Location
- Hemington Avenue Friern Barnet, North London, N11 3LS England

Information
- Type: Comprehensive Community School
- Motto: Enjoy and Excel
- Established: 1961
- Local authority: Barnet
- Department for Education URN: 101345 Tables
- Ofsted: Reports
- Headteacher: Simon Horne
- Gender: Mixed
- Age: 11 to 16
- Enrolment: 787
- Capacity: 815
- Houses: Aldwych, Barbican, Cottesloe, Dominion, Empire and Forum
- Website: http://www.friern.barnet.sch.uk/

= Friern Barnet School =

Friern Barnet School (FBS) is a comprehensive school with approximately 800 students. The school is situated at the end of Hemington Avenue (a cul-de-sac) in Friern Barnet, North London. It is a short distance from the former Friern Barnet Town Hall (now converted to flats), and 2 other local schools The Compton School and Wren Academy.

== History ==
The school site was built in 1960-1 and was opened in 1961 as Friern Barnet County School, with 500 pupils who had transferred from Holly Park School.

== Overview ==
===Specialism===
The school became a Specialist Arts College in Performing Arts in September 2004 and has twice received the Artsmark Gold award.

===Infrastructure and resources===
The arrival of Jeremy Turner as Head Teacher in September 2006 has prompted a major change in the running of the school. In March 2007 the school was named the most improved secondary school in the Borough of Barnet.

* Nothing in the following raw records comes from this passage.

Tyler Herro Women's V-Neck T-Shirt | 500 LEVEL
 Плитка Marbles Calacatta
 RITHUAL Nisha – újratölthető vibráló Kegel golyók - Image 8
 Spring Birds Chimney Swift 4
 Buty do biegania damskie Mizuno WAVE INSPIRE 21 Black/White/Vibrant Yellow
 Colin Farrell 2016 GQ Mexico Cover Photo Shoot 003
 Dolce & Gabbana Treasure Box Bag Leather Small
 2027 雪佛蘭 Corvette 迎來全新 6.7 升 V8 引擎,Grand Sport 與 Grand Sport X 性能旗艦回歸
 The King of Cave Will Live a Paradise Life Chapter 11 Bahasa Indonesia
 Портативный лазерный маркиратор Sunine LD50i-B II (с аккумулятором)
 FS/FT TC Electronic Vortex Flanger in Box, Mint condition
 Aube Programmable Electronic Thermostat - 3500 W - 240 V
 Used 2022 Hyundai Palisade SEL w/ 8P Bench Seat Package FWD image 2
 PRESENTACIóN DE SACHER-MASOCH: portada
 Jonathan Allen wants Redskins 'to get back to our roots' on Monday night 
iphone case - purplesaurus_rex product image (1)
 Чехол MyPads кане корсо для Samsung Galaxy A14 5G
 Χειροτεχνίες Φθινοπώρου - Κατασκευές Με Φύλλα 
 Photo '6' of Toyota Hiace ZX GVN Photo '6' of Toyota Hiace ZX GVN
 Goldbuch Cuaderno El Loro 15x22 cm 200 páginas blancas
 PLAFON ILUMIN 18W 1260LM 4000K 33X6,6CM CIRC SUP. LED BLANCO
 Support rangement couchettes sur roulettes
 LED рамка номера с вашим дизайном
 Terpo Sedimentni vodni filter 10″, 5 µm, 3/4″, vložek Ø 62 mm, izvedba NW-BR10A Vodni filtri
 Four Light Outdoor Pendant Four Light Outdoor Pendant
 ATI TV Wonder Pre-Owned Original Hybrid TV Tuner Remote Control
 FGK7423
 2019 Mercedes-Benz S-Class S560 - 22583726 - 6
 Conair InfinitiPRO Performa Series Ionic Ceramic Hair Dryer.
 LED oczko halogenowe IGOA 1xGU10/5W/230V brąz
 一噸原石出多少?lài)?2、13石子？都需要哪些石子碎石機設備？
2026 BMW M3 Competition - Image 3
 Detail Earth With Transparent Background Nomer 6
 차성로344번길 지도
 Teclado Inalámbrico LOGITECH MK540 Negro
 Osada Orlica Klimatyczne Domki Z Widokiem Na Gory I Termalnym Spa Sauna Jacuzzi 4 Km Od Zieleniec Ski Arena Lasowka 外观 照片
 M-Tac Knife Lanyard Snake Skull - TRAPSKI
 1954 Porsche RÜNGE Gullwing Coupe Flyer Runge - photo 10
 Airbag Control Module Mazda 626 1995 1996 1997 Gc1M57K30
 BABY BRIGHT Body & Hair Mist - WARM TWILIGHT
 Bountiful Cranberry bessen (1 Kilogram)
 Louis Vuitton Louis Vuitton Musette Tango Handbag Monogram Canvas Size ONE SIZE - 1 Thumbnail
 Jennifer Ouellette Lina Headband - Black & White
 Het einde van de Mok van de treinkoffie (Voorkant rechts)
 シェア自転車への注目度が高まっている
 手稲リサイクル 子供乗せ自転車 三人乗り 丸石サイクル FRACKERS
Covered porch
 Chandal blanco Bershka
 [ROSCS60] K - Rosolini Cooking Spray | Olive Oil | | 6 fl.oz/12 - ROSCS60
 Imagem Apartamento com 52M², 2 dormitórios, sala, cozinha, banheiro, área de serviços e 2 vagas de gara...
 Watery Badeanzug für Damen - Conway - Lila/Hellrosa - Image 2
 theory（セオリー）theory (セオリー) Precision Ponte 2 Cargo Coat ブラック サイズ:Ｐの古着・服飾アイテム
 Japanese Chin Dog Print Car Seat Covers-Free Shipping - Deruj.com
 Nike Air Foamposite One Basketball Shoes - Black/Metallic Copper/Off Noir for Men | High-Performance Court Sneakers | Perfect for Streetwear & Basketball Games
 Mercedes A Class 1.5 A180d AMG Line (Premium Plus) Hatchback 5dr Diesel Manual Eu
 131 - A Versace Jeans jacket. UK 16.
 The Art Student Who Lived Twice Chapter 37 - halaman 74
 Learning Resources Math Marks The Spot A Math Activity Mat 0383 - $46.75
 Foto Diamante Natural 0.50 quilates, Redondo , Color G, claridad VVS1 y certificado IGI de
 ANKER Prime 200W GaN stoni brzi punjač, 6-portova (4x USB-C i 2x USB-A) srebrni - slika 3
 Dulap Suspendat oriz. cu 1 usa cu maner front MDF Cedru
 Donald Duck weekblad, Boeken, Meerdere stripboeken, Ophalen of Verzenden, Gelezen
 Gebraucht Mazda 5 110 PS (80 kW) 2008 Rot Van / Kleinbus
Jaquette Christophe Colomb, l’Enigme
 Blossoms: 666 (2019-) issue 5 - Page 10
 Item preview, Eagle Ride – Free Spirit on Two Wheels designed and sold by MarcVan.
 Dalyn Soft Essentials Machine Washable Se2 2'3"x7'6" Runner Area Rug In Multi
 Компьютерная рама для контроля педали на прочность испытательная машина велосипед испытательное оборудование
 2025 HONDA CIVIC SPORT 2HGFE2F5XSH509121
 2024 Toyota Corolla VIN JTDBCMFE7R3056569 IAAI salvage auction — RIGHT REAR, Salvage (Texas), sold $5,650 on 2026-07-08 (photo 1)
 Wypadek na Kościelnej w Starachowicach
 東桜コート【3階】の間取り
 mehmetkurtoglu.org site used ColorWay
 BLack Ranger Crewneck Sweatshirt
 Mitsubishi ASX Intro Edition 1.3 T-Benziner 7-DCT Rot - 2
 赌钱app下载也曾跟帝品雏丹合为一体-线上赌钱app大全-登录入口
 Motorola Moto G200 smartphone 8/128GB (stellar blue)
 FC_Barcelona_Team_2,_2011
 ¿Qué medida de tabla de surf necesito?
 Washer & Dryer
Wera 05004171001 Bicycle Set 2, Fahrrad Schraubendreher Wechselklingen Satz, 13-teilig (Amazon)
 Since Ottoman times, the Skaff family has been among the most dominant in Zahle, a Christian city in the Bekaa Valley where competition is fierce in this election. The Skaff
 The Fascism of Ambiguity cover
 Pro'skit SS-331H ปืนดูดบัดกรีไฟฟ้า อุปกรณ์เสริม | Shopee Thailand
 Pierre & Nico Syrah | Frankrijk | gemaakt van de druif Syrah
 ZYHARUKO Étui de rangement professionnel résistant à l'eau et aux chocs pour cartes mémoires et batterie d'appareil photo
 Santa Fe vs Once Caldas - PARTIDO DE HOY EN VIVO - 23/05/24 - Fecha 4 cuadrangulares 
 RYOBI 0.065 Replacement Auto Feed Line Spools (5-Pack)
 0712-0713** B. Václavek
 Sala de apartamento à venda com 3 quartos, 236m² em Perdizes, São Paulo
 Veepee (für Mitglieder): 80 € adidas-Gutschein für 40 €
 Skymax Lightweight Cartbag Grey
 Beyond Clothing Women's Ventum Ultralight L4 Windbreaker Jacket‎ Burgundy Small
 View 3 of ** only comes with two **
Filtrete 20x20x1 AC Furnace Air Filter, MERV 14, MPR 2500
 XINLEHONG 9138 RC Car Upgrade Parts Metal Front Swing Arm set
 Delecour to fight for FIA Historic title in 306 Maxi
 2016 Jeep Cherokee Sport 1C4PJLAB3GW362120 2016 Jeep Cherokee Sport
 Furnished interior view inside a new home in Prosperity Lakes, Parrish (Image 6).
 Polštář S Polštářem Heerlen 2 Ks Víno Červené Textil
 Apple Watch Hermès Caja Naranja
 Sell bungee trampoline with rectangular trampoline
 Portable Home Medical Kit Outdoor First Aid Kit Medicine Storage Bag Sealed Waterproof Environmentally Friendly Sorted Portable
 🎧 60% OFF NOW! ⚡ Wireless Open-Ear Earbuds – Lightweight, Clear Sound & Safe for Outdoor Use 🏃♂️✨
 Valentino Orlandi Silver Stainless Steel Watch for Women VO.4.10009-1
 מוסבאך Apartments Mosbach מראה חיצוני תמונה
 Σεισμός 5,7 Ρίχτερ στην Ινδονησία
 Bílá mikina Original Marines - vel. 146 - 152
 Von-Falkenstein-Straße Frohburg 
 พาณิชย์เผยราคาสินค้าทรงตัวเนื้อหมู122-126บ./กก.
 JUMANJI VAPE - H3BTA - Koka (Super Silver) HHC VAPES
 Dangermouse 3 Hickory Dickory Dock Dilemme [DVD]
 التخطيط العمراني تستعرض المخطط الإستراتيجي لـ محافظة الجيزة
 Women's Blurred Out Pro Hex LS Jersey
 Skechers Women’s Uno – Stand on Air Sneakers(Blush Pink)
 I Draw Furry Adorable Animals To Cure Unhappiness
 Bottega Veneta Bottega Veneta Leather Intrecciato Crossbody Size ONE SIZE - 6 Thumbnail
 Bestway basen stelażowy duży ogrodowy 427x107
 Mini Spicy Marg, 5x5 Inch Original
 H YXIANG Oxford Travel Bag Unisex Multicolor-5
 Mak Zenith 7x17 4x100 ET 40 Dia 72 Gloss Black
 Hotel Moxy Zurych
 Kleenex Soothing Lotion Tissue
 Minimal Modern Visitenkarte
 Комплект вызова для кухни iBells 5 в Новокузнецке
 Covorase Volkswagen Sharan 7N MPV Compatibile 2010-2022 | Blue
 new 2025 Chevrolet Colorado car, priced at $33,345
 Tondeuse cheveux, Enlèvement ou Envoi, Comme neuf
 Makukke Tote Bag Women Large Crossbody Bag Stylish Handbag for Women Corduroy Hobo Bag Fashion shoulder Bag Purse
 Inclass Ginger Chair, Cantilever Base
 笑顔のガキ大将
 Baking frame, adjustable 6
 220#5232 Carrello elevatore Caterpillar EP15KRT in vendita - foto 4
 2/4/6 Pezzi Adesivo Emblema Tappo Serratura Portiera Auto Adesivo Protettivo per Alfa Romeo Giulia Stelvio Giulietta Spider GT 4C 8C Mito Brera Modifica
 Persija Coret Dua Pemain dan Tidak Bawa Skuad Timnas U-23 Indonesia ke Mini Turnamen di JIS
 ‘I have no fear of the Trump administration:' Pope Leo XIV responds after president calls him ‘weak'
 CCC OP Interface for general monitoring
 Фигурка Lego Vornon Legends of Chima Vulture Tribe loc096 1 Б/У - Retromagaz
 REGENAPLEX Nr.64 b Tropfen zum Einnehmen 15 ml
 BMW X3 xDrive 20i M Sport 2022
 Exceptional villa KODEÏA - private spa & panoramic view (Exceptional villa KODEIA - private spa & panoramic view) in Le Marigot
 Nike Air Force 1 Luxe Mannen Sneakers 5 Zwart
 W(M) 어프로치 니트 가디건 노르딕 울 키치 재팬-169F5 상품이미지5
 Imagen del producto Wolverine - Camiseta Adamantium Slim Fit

The school increased the number of forms in each year from six to eight in September 2011. This allowed the number of students per form to be reduced from 25 to 20. The school now has six houses: Aldwych, Barbican, Cottesloe, Dominion, Empire and Forum. All of the houses are named after famous Theatres to represent the school's Performing Arts values.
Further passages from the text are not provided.